As a tip, test the spray pattern in a large bucket first. Once you are satisfied, start the spray in the bucket and quickly transfer it to the garage floor. When you are ready to stop the spray, quickly transfer it back to the bucket first. This will prevent errors with dark droplets.
Also, quickly brush or roll out any heavy drips or lines created by the sprayer. If allowed to sit for long, the drips and lines will stand out in the final finish.
Once the stain or dye has sat long enough, you can apply more if desired or apply a different color. When applying multiple colors, the rule of thumb is to apply the lightest colors first. You cannot lighten a darker color stain or dye with a lighter color.
Lastly, it’s very important to let the concrete thoroughly dry before the application of a sealer. And we don’t mean just the surface.
This step may require up to 48 hours if you applied an acid stain. All of the water required for scrubbing and neutralizing needs to evaporate out of the concrete. If it doesn’t, a clear sealer can trap bubbles from the moisture vapor trying to escape out of the concrete.
Many vendors that sell acid stains and dyes for concrete offer sample color kits. We highly suggest testing a few colors in an inconspicuous area of the garage floor if you can. This will give you a much better idea of how the stain or dye will look.
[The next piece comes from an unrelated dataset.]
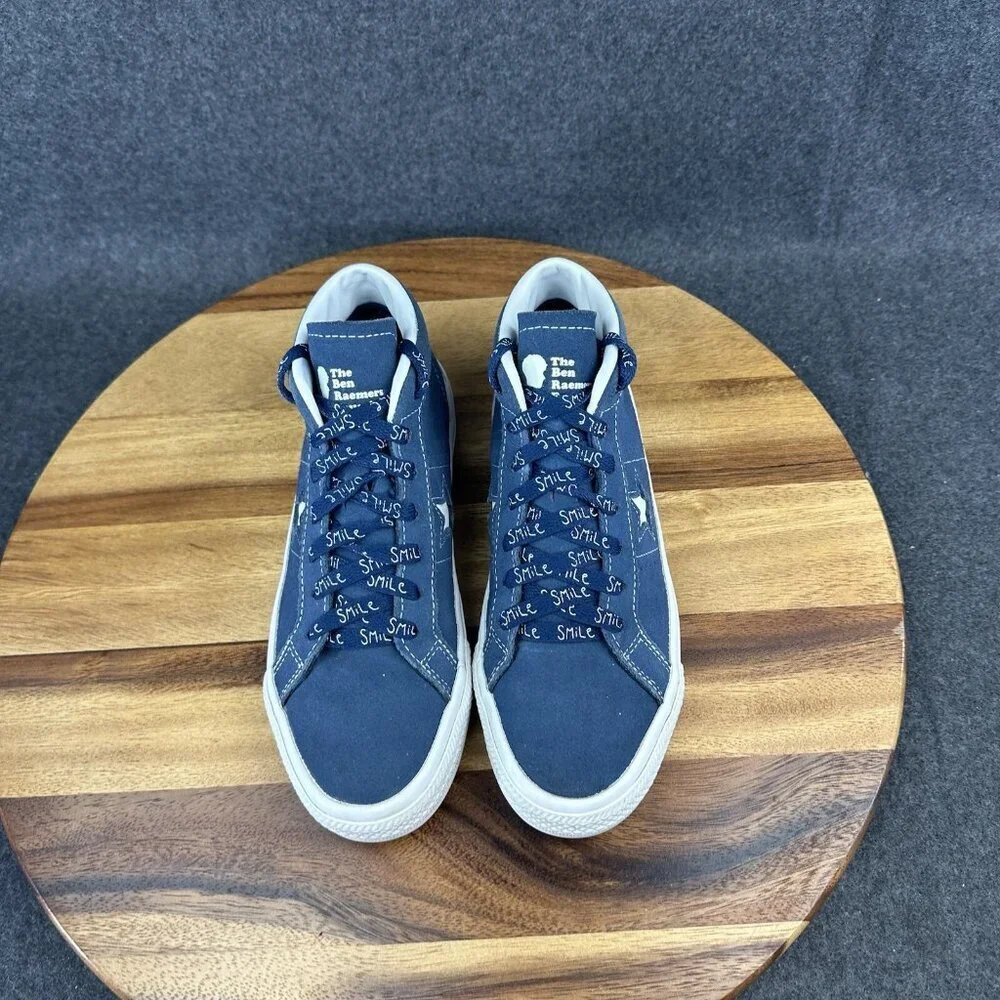 Converse One Star Pro Ox Mid Top Ben Raemers Foundation Blue 170960C Mens 5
Also, keep in mind that colors will look dull until you apply a clear coat. If you want to get a better idea of how a sample color will look with the clear coat applied, apply some water to the surface of the stain after it has dried.
Multiple colors can look fantastic. Just be careful of overlapping too many or the concrete can begin to take on a dark brown tone.
In addition, densifiers, penetrating sealers, or other non-film forming sealers can be applied to acid stained or dyed concrete. However, they will not make the colors pop and the surface of the stain will not be protected very well from scratching or staining.
Though this can be a fairly inexpensive project, the most expensive investment will be the clear coat sealer. The sealer is what will determine how well the floor will perform in the long run. If you are trying to keep costs down, purchase the best sealer that your budget will allow.
There is no doubt that an acid stained or color dyed garage floor can completely change the look of your garage. It’s a fun project that tends to bring out the artist in everyone. Once you are done, get ready for the compliments from your friends and neighbors as well as the invitations to stain their garages as well.